(Beginning of Stored data)

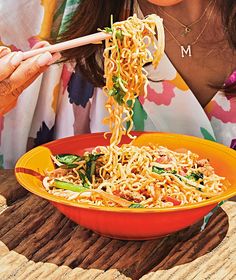 a woman is eating noodles with chopsticks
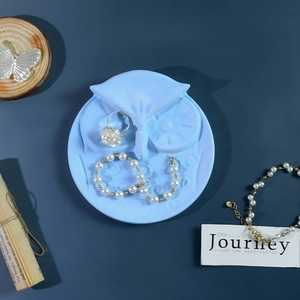 Moule en silicone en forme de hibou avec bijoux en perles sur fond sombre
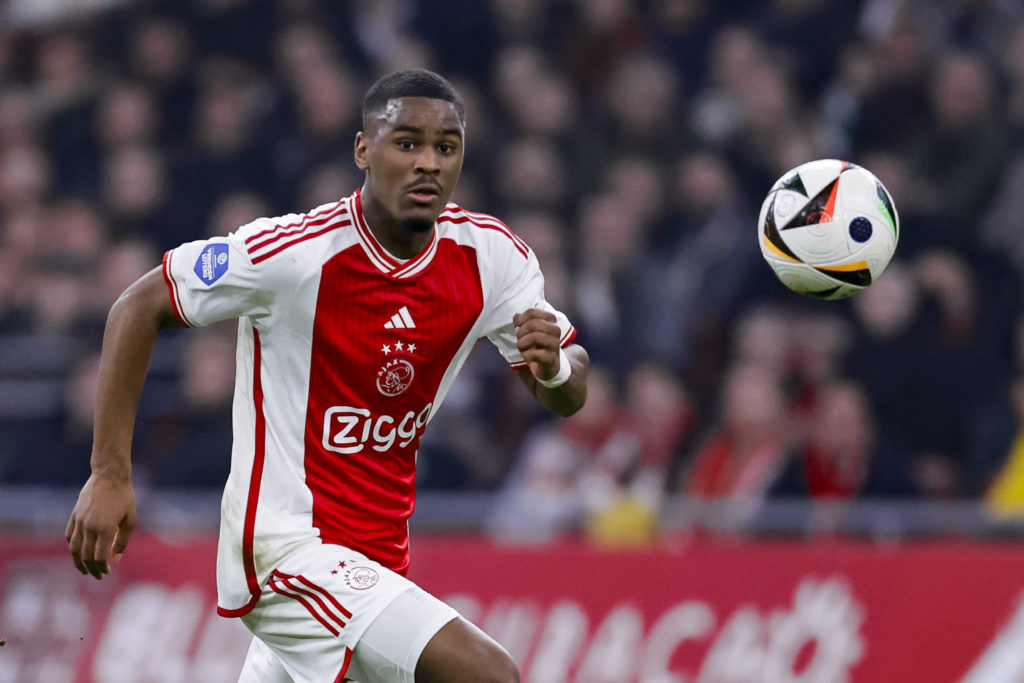 Jorrel Hato of AFC Ajax controls the ball during the Dutch Eredivisie match between AFC Ajax and PSV Eindhoven at Johan Cruijff Arena on February 3, 2024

(End of Stored data)

What is required: Your job is to repeat the data exactly, leaving each picture out.

Expected output:
 a woman is eating noodles with chopsticks
 Moule en silicone en forme de hibou avec bijoux en perles sur fond sombre
 Jorrel Hato of AFC Ajax controls the ball during the Dutch Eredivisie match between AFC Ajax and PSV Eindhoven at Johan Cruijff Arena on February 3, 2024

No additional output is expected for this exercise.